Data provided -
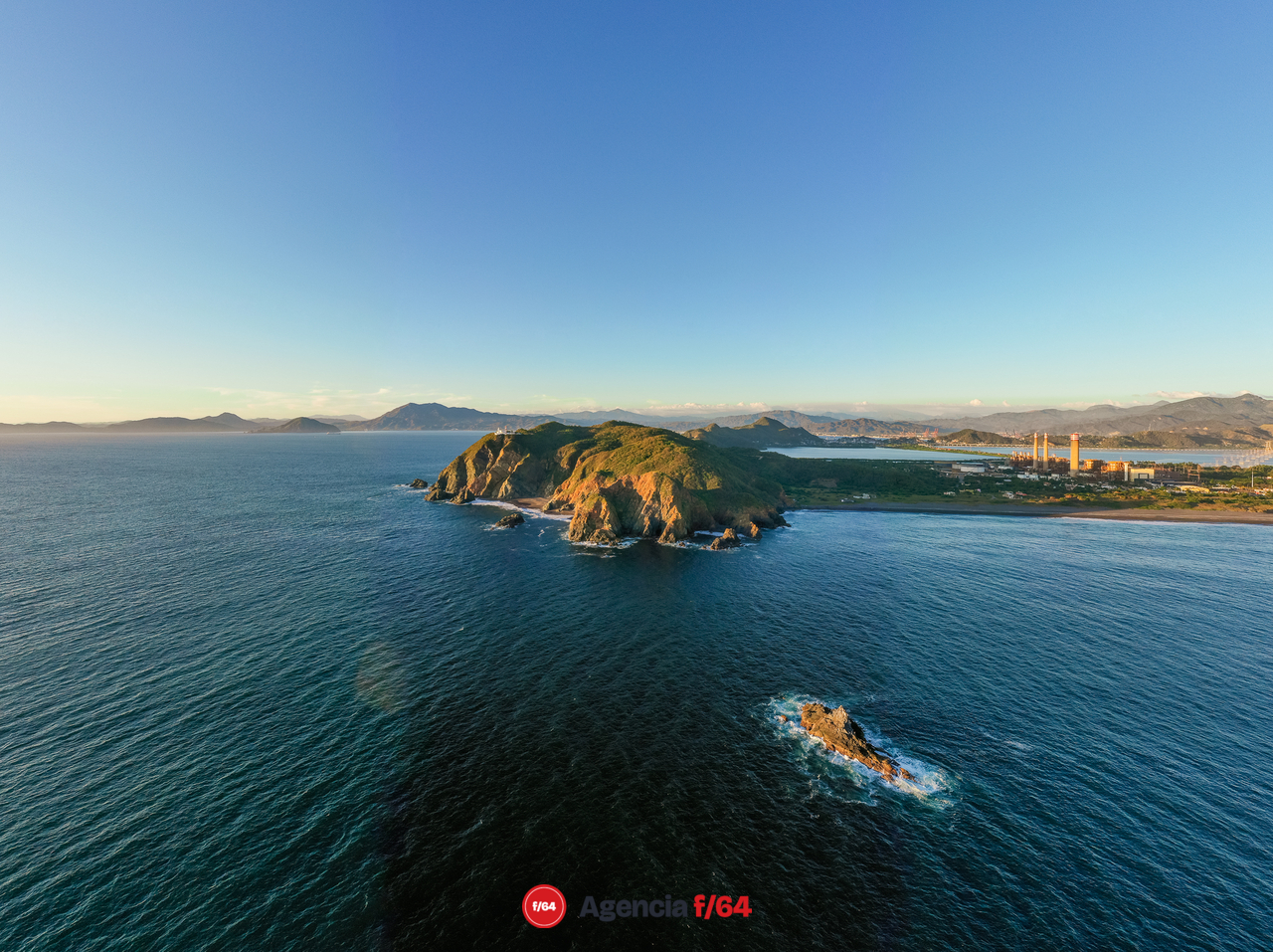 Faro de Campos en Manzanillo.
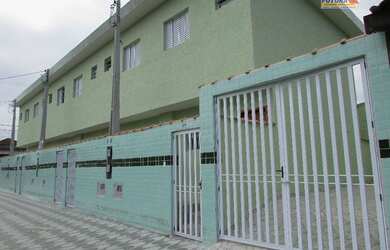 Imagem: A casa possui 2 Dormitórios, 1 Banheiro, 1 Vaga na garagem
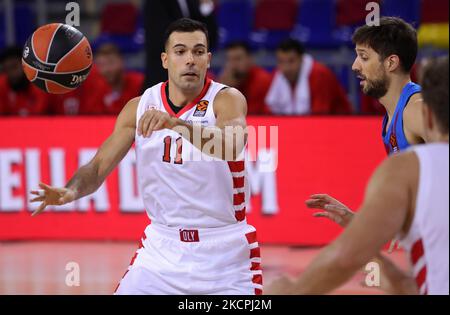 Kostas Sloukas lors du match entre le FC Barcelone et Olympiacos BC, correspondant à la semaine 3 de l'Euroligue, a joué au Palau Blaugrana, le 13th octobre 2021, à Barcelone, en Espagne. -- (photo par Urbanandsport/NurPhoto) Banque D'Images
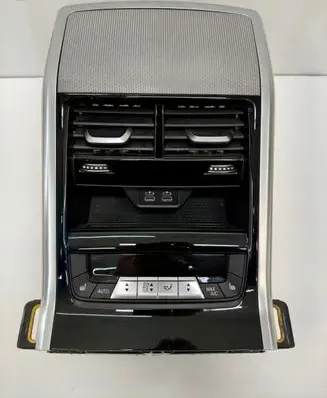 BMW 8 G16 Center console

Directions for this task -
In the copy, omit the pictures and give every line of the data exactly.

Your response -
 Faro de Campos en Manzanillo.
 Imagem: A casa possui 2 Dormitórios, 1 Banheiro, 1 Vaga na garagem
 Kostas Sloukas lors du match entre le FC Barcelone et Olympiacos BC, correspondant à la semaine 3 de l'Euroligue, a joué au Palau Blaugrana, le 13th octobre 2021, à Barcelone, en Espagne. -- (photo par Urbanandsport/NurPhoto) Banque D'Images
 BMW 8 G16 Center console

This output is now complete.